*** Data extract Section Begins ***

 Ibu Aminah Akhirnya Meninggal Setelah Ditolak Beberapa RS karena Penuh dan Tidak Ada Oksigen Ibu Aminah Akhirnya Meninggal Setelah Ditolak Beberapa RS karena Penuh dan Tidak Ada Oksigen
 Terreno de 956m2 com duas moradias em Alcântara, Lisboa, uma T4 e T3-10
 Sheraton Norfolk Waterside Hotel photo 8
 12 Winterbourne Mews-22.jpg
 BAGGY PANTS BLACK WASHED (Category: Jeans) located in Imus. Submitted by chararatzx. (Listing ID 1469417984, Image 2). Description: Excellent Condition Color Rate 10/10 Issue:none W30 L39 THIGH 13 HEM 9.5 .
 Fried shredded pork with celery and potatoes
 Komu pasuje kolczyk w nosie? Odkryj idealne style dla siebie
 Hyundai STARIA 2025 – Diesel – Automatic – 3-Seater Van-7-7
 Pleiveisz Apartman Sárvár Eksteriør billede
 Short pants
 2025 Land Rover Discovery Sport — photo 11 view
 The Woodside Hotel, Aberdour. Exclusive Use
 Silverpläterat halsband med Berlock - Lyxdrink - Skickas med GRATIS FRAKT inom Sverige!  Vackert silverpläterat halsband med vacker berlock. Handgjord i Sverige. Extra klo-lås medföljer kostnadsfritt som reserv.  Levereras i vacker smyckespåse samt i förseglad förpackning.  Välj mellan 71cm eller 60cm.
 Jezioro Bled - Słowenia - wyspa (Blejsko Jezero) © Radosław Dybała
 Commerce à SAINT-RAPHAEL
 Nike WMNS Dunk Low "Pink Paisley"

*** Data extract Section Ends ***

Work task ▸ From the first line of the entries above to the line with "12 Winterbourne Mews-22.jpg", please return every line exactly, keeping both ends.

Answer space ▸
 Ibu Aminah Akhirnya Meninggal Setelah Ditolak Beberapa RS karena Penuh dan Tidak Ada Oksigen Ibu Aminah Akhirnya Meninggal Setelah Ditolak Beberapa RS karena Penuh dan Tidak Ada Oksigen
 Terreno de 956m2 com duas moradias em Alcântara, Lisboa, uma T4 e T3-10
 Sheraton Norfolk Waterside Hotel photo 8
 12 Winterbourne Mews-22.jpg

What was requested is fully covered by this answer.